* **WHAT IS EXPECTED**
Beginning at the line with "Grounding § Eliminates", please repeat each line exactly through the end of the records below, including that first line and the last, but no pictures.

##### THE RECORDS

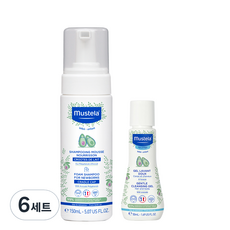 무스텔라 폼 샴푸 포 뉴 본 150ml + 젠틀 클렌징 젤 50ml, 6세트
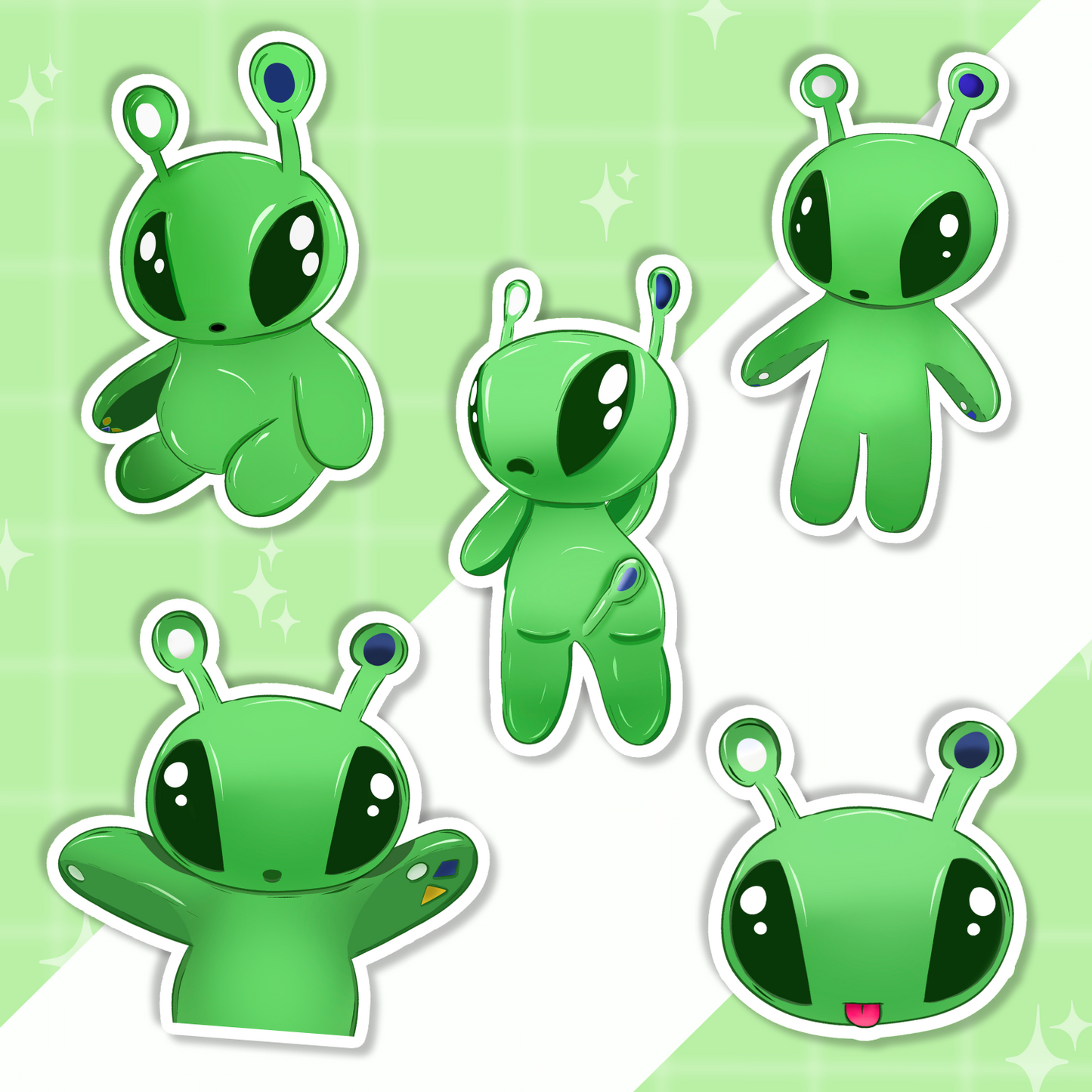 Chibi Aliens Sticker Set
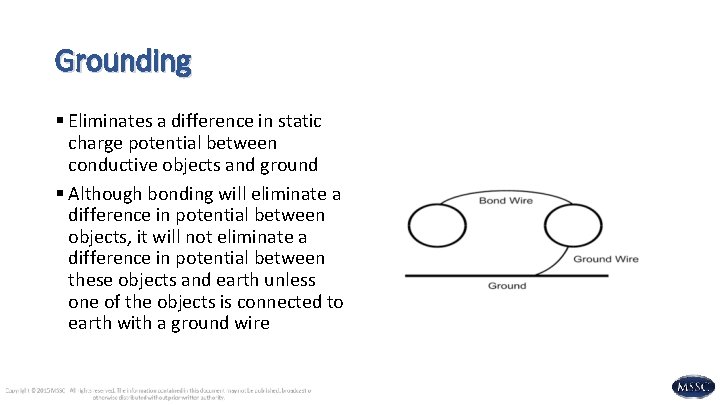 Grounding § Eliminates a difference in static charge potential between conductive objects and ground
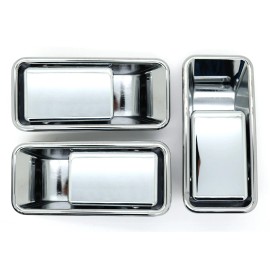 LatchWell NEW Chrome Outside Exterior Door Handle 3PC Set For 87-06 JEEP YJ TJ Half Doors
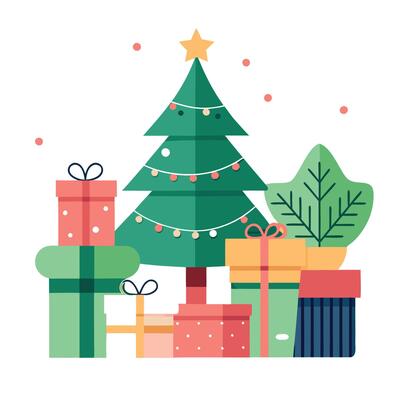Gifts and new year tree in scandinavian style interior with christmas decoration.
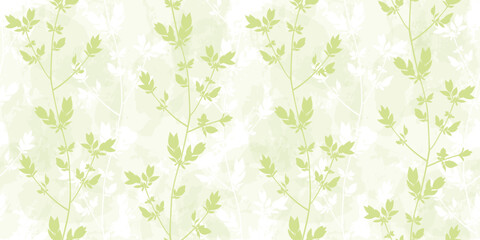 Canvas Print - Spring branches seamless vector pattern. Small leaves prune, delicate green watercolor floral ornament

##########

* **OUTPUT OF THE EXERCISE**
 Grounding § Eliminates a difference in static charge potential between conductive objects and ground
 LatchWell NEW Chrome Outside Exterior Door Handle 3PC Set For 87-06 JEEP YJ TJ Half Doors
Gifts and new year tree in scandinavian style interior with christmas decoration.
 Canvas Print - Spring branches seamless vector pattern. Small leaves prune, delicate green watercolor floral ornament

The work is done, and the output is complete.